Many believe this could usher in the kind of dysfunction and discord that they perceive to exist in the West.

“Don’t be a sinner of history: don’t introduce foreign immigrants, and don’t repeat the mistakes of Europe and the United States!” said one user.

“Why do people panic when they see Indians? Because Australia and Canada have already fallen,” said another. “Chinese people don’t want to see their big cities become smoky and chaotic. Who is the person pushing this project?”

Angry doom-scrollers swapped stories.

One told of a Pakistani who became an urban rail engineer in Hunan Province, but whose Chinese-language skills “need to be improved”.

“There are also black international students working in the Meteorological Bureau,” he said. “That really makes Chinese people envious.”

In a country with as few migrants as China, this may seem an extreme reaction.

The 2020 census counted just 845,697 foreigners living in mainland China. It was a 40pc increase from a decade earlier, but still a minuscule 0.06pc of China’s 1.4bn population.

This is nothing like the rate in the West, and just the tiniest fraction of that in other low-migrant Asian countries like Japan (2pc), South Korea (2.3pc), and even India (0.4pc).

“China is not a traditional immigrant nation,” Hu Xijin, a leading Chinese journalist, said in a Weibo post.

“With the rise of the internet in recent years, a small number of foreigners have been exposed for crimes committed in China. Each incident has caused a sensation, fuelling strong public backlash against the entry of some low-quality foreigners into China.”

But here is a deeper, structural explanation for the simmering resentment: China’s troubled labour market.

China’s urban youth unemployment rate was almost 19pc in August. It rose as high as 21pc in mid-2023, after which China’s statistics bureau decided to count it in a different way.

That lopped more than six points off the rate.
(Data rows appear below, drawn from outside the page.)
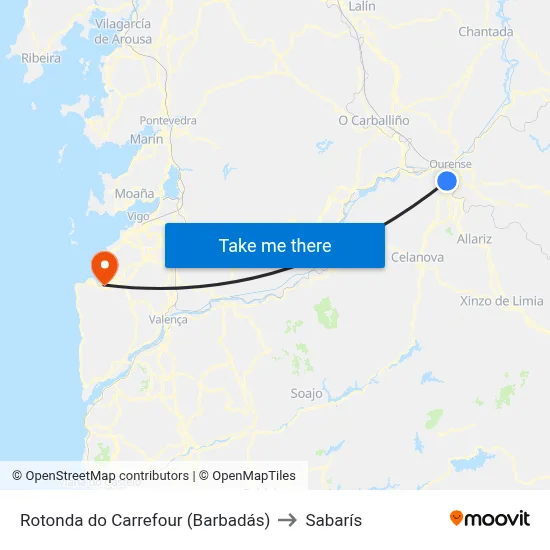 Rotonda do Carrefour (Barbadás) to Sabarís map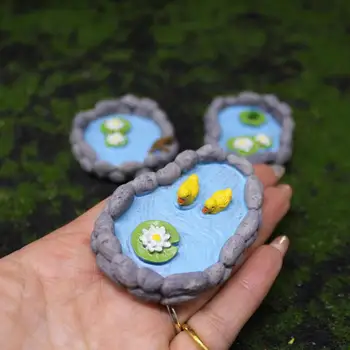Miniatűr Táj Mini Medence Modell DIY Miniatúrák Fairy Garden Decor Micros Tavak Gyanta Kézműves Dísz Cserepes Bonsai Dekoráció
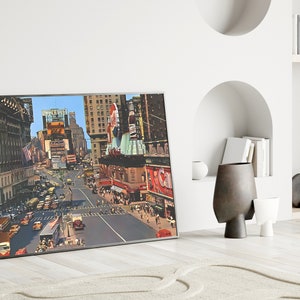 Sztuka ścienna w stylu vintage z Nowego Jorku, wydruk z Manhattanu z lat 60. XX wieku, wydruk z Nowego Jorku, retro panoramę Nowego Jorku, plakat z Nowego Jorku, wydruk z Times Square, wystrój Nowego Jorku, sztuka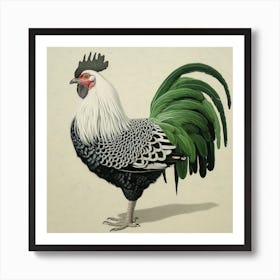 Ohara Koson Inspired Bird Painting Rooster 2 Square Art Print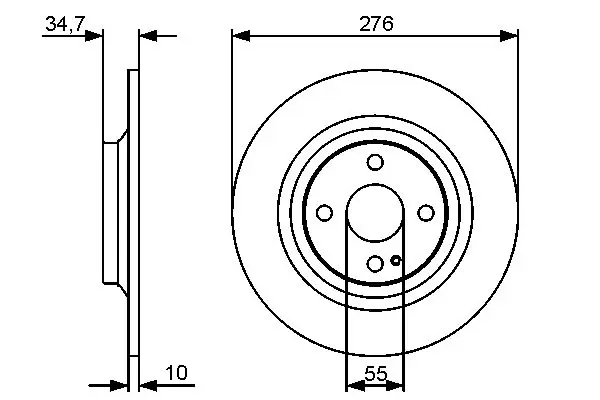 BOSCH 0986479473 ТОРМОЗНОЙ ДИСК ЗАДНИЙ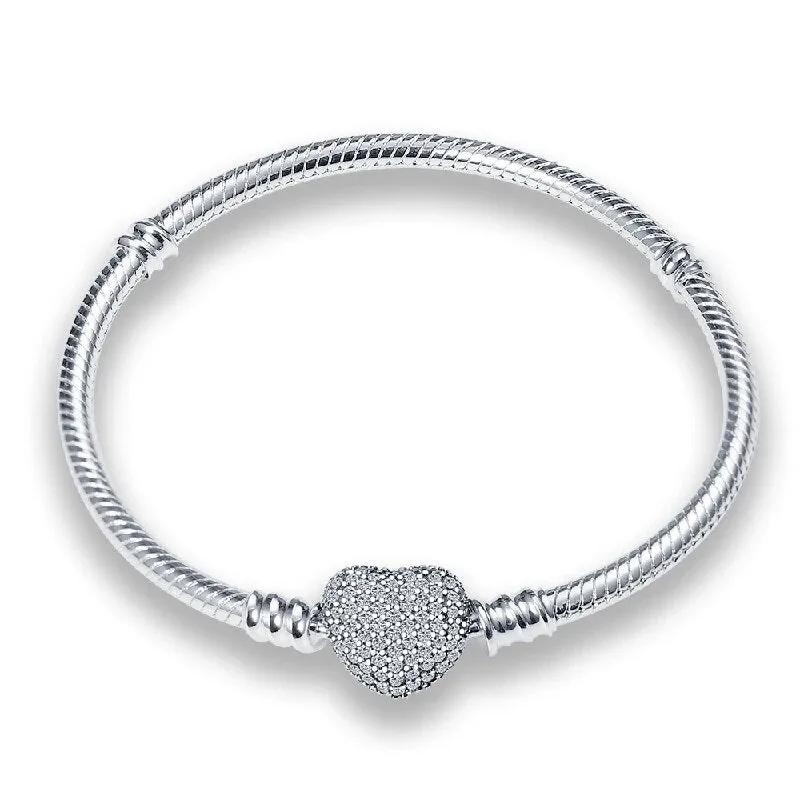 New Rochelle Sterling Silver Heart Charm Bracelet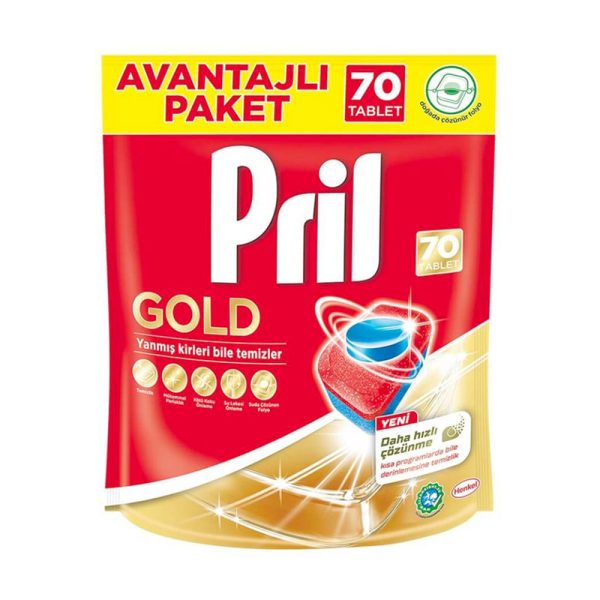 قرص ماشین ظرفشویی پریل Pril مدل Gold بسته 70 عددی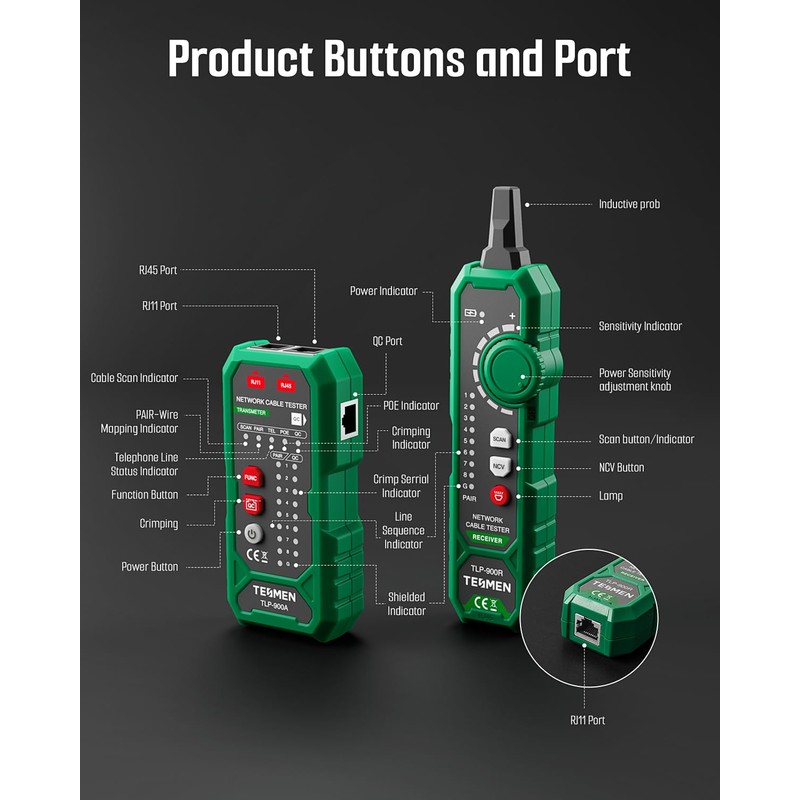 TESMEN TLP-900AR Network Cable Tester, RJ11 RJ45, for CAT5/6/POE/STP, Multi-function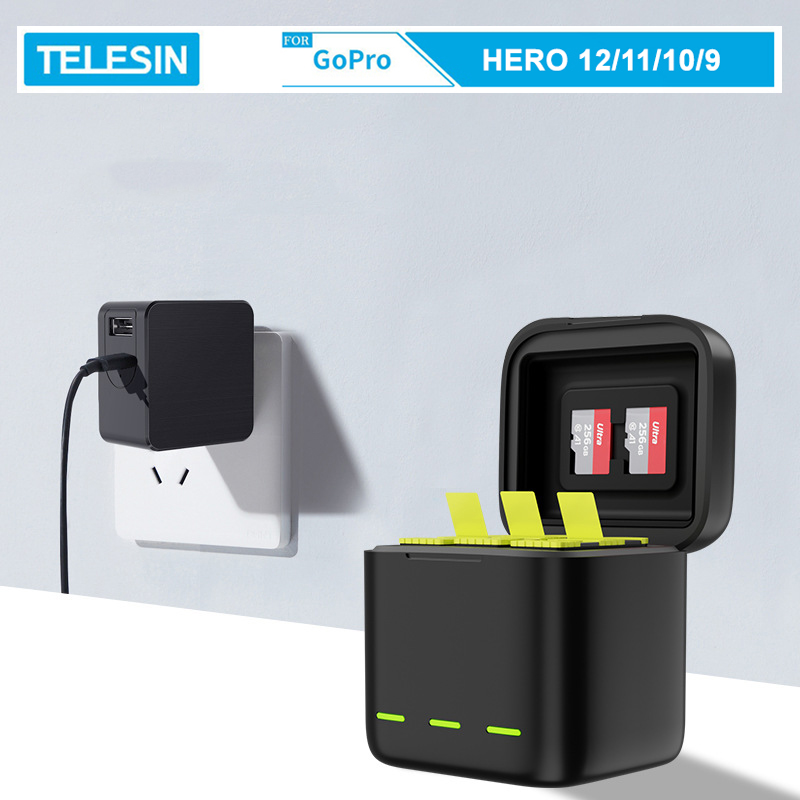 Combo sạc 3 + 2 pin TELESIN mẫu mới MÀU VÀNG dùng cho GoPro Hero 9/10/11/12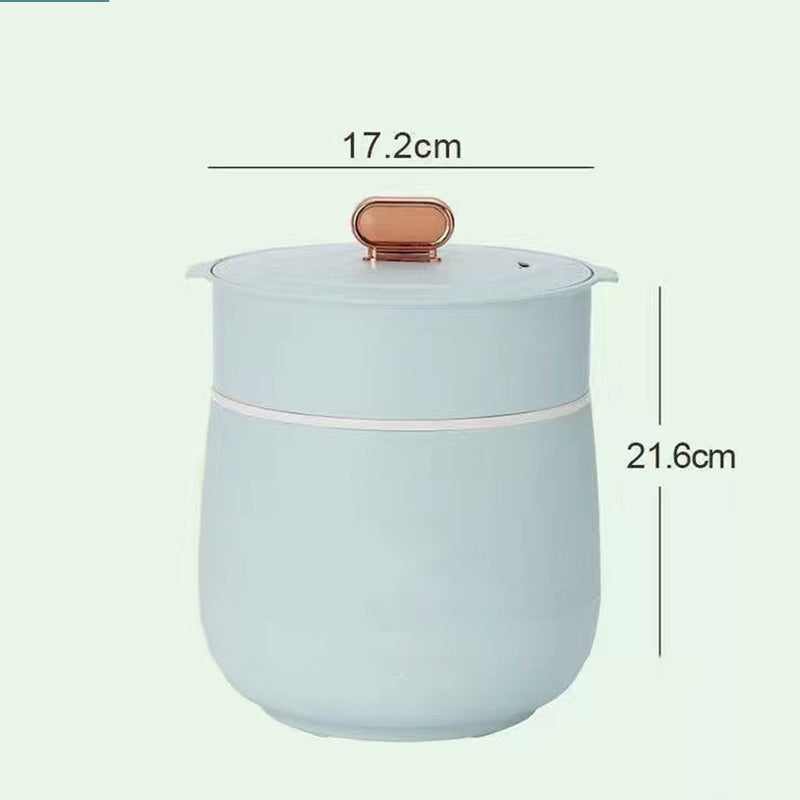 HotBask | Compacte mini-elektrische hotpot met stoompan – multifunctionele kookpan voor rijst, soep en hotpot, warmhoudfunctie en antiaanbaklaag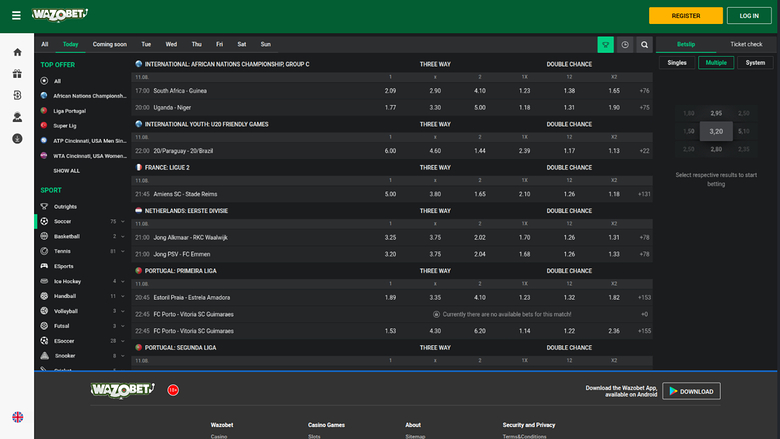 Sport desktop di Wazobet Casino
But it has risen again and “is very likely under-reported”, according to Leah Fahy, a Capital Economics analyst.

Job creation has been hit by automation in factories, a slowdown in the services sector, and shrinking profit margins in fiercely competitive industries.

The government has also cracked down on employers and employees avoiding their social security contributions, making hiring more expensive. This would “be weighing most on youth employment, particularly of new graduates”, Fahy says.

Meanwhile, the number of graduates entering the job market keeps rising. There were almost 11 million college graduates last year, an increase of more than 50pc in the past decade.

Everyone has anecdotes of graduates working as cleaners or delivery drivers. Some young people are even paying to sit in fake “pretend to work” offices just to feel like they’re employed.

Xi Jinping, the Chinese president, signalled concern at where this trend might lead last year, telling a Politburo meeting that job creation was the key to preventing social unrest.

However, it isn’t the first time Beijing has tried to nudge open the door to foreigners.

In 2020, a proposal to ease the requirements for permanent residency provoked a similar backlash, and ultimately a government retreat.

The authorities have left themselves some wiggle room this time around.

The specific eligibility rules have not yet been finalised. And even those who get the K Visa will also still have to apply for a work permit and a residency permit.

Beijing has sought to defend the scheme, citing estimates that China’s manufacturing sector faces a talent shortfall of almost 30 million workers by 2035.

State media outlets have described the K Visa as a demonstration of China’s openness and confidence. Beijing has also recently eased visa rules for tourists and visiting scholars.

The People’s Daily, the Communist Party mouthpiece, declared that while the K Visa would bring scientists and software developers to China, it did not amount to immigration.

But as one Weibo user suggested, it might be hard to persuade sceptical Chinese households of this.

“Some people see the K Visa and they imagine a massive influx of Indians and Africans into China, and then they imagine China becoming like the UK, the US, and some European countries, overwhelmed and disrupted by immigrants,” he wrote.